# 2D Plots

## Simple Plots

You can plot just about any vector data in R by simply passing the data as parameters to the "plot()" function. Try some of the following and then your own plots.

x=1:20 # create a simple sequence plot(x) # plot it

You can also create a scatter gram between two vectors. You only need to make sure the vectors have excatly the same number of entries.

x=1:20 y=x*x # creates a vector with x^2 exponential values plot(x,y) # plots the x agianst y values

If you pass a function and then start and end values, plot() will show you that function executed for the range of values.

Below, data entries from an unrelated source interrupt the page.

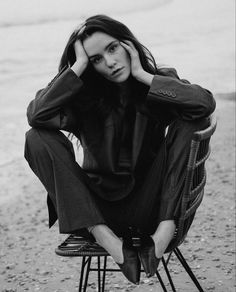 a black and white photo of a woman sitting on a chair with her hands behind her head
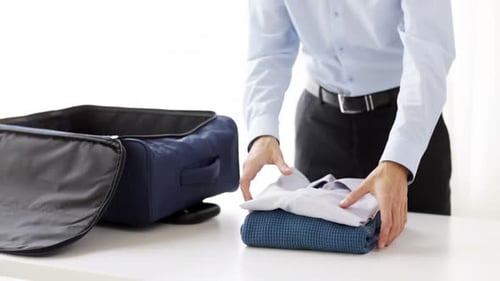 Man Packing Clothes in Suitcase on White Table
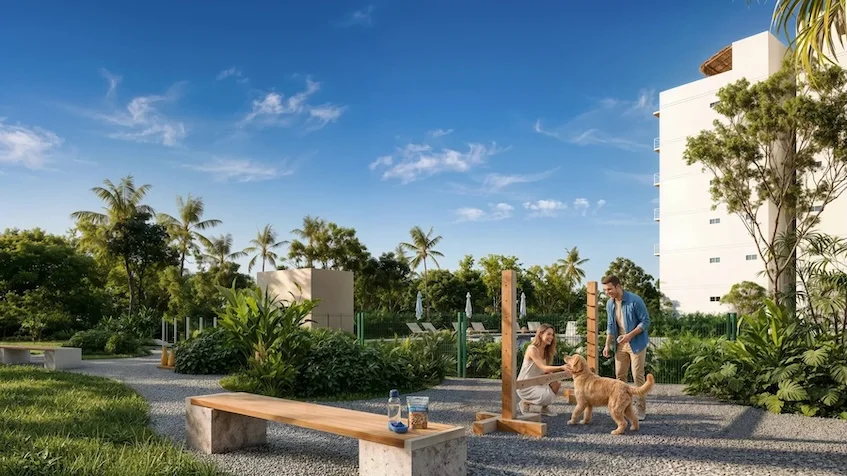 Área para perros que incluye un circuito de agilidad con obstáculos de madera, una banca de concreto, áreas verdes con vegetación tropical y edificios residenciales al fondo de The Origin By Gran Selva Puerto Morelos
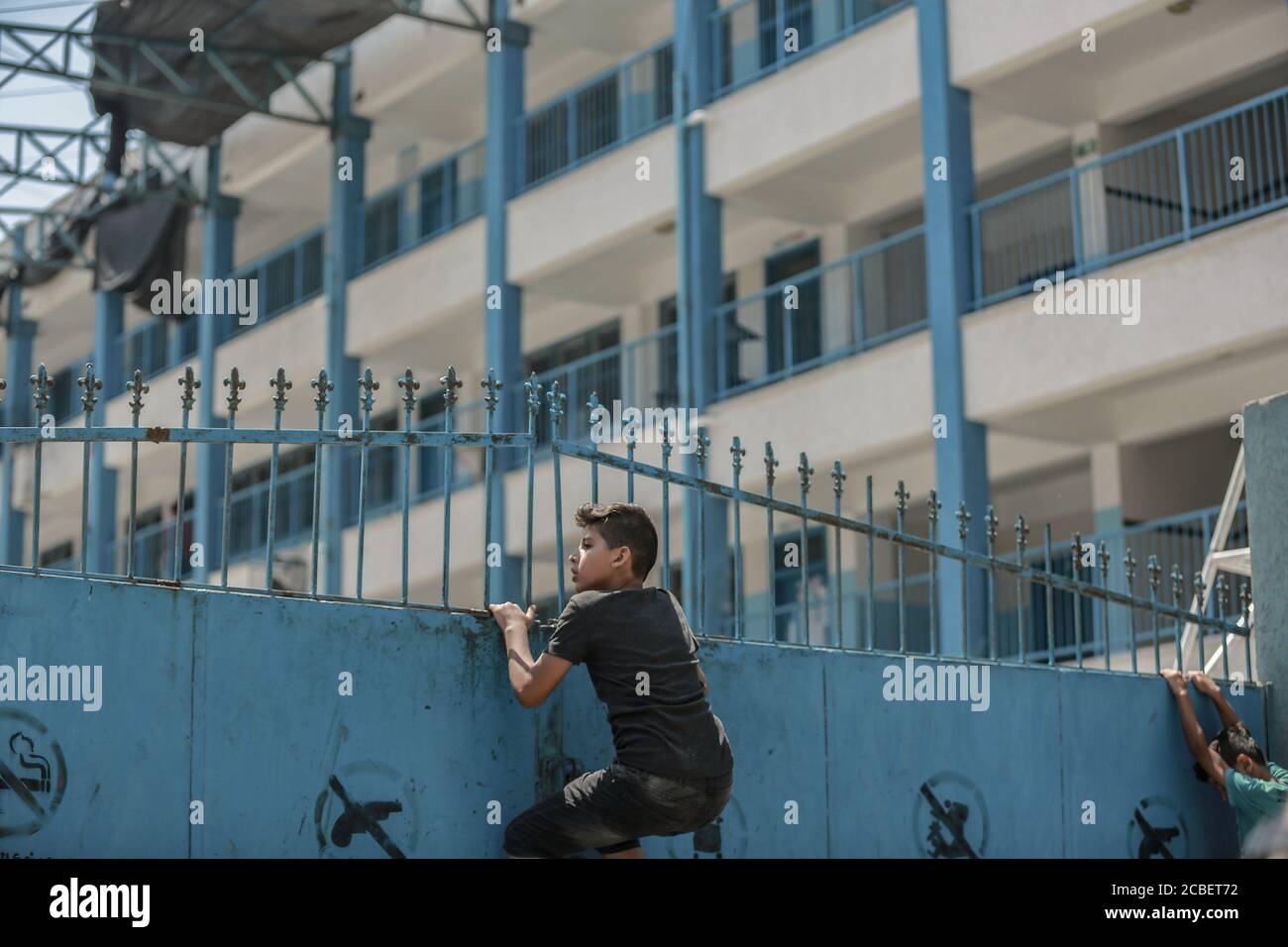 Al-Shati, Palästinensische Gebiete. August 2020. Palästinensische Studenten erklimmen das Tor einer Schule, die vom Hilfswerk der Vereinten Nationen für Palästina-Flüchtlinge (UNRWA) im Flüchtlingslager Al-Shati betrieben wird, um einen Blick auf den Schaden zu werfen, der durch eine Rakete verursacht wurde, die angeblich von einem israelischen Flugzeug am frühen Donnerstag abgeworfen wurde, während sie über Nacht Hamas-Ziele aufschlagen In Gaza als Reaktion auf Brandballons, die aus dem Gazastreifen nach Südisrael geschossen wurden. Kredit: Mohammed Talatene/dpa/Alamy Live Nachrichten Stockfoto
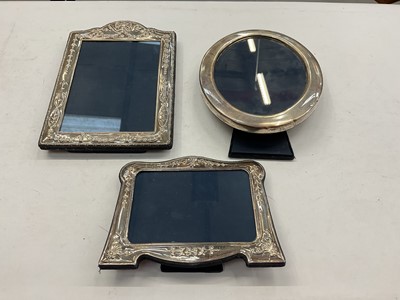 Lot 1171 - Mappin & Webb silver oval photograph frame (Sheffield 1986) and two other silver frames both with embossed floral scroll decoration (Sheffield 1992)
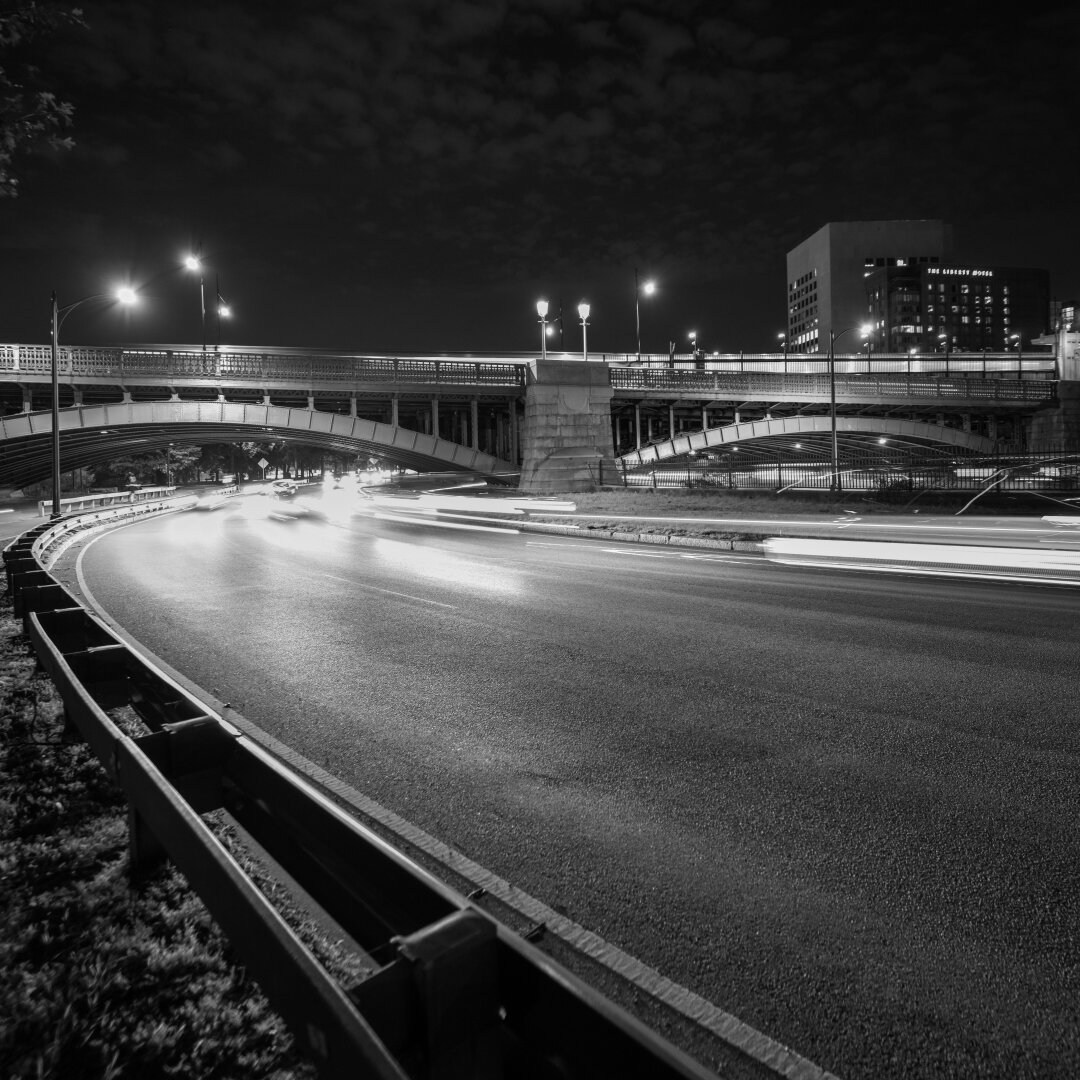 Headlights streak past a curve in the road underneath a commuter train crossing an archway bridge at night.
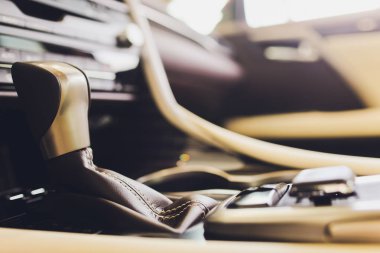 Modern bir araba otomatik vites sopa şanzıman, multimedya ve navigasyon kontrol düğmeleri. Araba iç detayları. İletim kayması.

plot(qnorm) # quantiles of the normal distribution plot(sin, -pi, 2*pi) # see ?plot.function

## Adding Labels

Graphs really need to have at least a title and labels on the axis. You can add the parameters below to the plot() function to change the default labels.

main="Main Title" xlab="X Axis Label" ylab="Y Axis Label"

You can change the type of graph with the "type" parameter:

Type |
Description |

p | Points |

l (an "el") | Lines |

b | Points and lines |

## Stylizing the Data

You can also specify the color of the data with "col". Examples includes:

col="red"

col="blue"

You can use the same hexadecimal format as used with HTML. The format is "#RRGGBB" where RR, GG, and BB are hexadecimal values between 00 and FF.

plot(sin, 0, 2*pi,col="red",xlab="Independent Variable",ylab="Sine Values",main="Sine Function")

You can change the shapes that are used to plot data with:

- pch = 19: solid circle,
- pch = 20: bullet (smaller solid circle, 2/3 the size of 19),
- pch = 21: filled circle,
- pch = 22: filled square,
- pch = 23: filled diamond,
- pch = 24: filled triangle point-up,
- pch = 25: filled triangle point down.

Contributed by: Danielle Jones

## Box Plots

Box plots show information about the distribtuion of values between categories of data. The code below produced the box plot just below it. R will automatically find categories within the predictor variable. The box plot will then show the:

- Min: the minimum value of all the values for that category
- Max: the maximum value of all the values for that category
- Median: the middle of the range of values (i.e. half the values will be above and half below)
- Upper quartile: This box contains the first 1/4 of the data that is above the median
- Upper quartile: This box contains the first 1/4 of the data that is below the median
- Outliers: Values that are statistically outside the dominant distrubtion of the data.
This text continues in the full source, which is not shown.